Ci stiamo accorgendo, è avvenuto in tempi recenti per il day hospital e si sta verificando ora per la degenza, che la splendida struttura in cui lavoriamo, inaugurata solo sei anni fa non è sufficiente, nella attuale configurazione, ad ospitare un’Ematologia che voglia compiere un salto di qualità che la faccia rimanere nel gruppo di testa del panorama ematologico italiano nel quale è collocata grazie agli importanti sforzi di tutto il personale nel recente passato.
Ovviamente non bastano gli spazi a cambiare il volto di un reparto, ma devono essere accompagnati da un organico adeguato e soprattutto da una revisione organizzativa.
Questa sarà la sfida decisiva del periodo conclusivo della mia direzione, ma necessita del contributo propositivo di tutti. Le buone idee non conoscono confini e gerarchie di ruoli e in questi oltre dodici anni da direttore ho potuto più volte giovarmi di suggerimenti preziosi di colleghi appartenenti a tutte le figure professionali dell’Ematologia.
Questo scenario complesso coincide con un periodo di marcato turn over del personale, soprattutto infermieristico. Quella che appare come una difficoltà aggiuntiva, per le naturali problematiche e tempi di ambientamento di un nuovo arrivato, può diventare un’opportunità: persone nuove sono spesso apportatrici di idee nuove e di uno sguardo più “fresco” che consente di cogliere eventuali “incrostazioni” del sistema non più visibili, perchè divenute abituali, a chi vi opera da tanto tempo.
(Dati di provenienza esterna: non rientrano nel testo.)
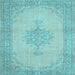 Square Machine Washable Persian Light Blue Traditional Rug, wshtr2121lblu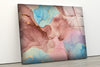 Alcohol Ink Abstract Marble Tempered Glass Wall Art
Il necessario adeguamento ai tempi non significa, però, snaturarsi, perdere quelle che sono le radici della nostra Ematologia, che sono rappresentate innanzitutto da una attenzione al paziente non dichiarata, ma praticata con ostinata determinazione nella routine di una quotidianità silenziosa e persino nascosta. Non mi stancherò mai di dirlo: l’essere prima di ogni altra cosa, non solo nell’assistenza ma anche nella ricerca, per il paziente, è quello che ha fatto di una squadra di buoni elementi un team che agli occhi dei cittadini risulta eccellente con un valore complessivo assai superiore alla somma dei singoli. Questo mettere il paziente al centro, ha consentito, quasi sempre, in virtù di un fine comune più alto e condiviso, di superare le naturali difficoltà di convivenza di una comunità numerosa di persone. In altre parole, di cercare di darsi sempre una mano.
Se si vuole che i nuovi innesti di personale si rivelino, come si diceva, un’opportunità, è necessario che quanti hanno la memoria storica dell’Ematologia, trasmettano questi valori e questo spirito di una squadra unica nel suo genere. Se si recidono queste radici, l’Ematologia di Reggio Emilia diventerà un’altra cosa, forse migliore dal punto di vista tecnico, ma certamente più arida dal punto di vista umano e, sul lungo periodo, per le naturali difficoltà connesse al fatto di vivere in una città di provincia, destinata a perdere anche la sfida dell’innovazione. E, per il rispetto che dobbiamo ai nostri pazienti, non ce lo possiamo permettere.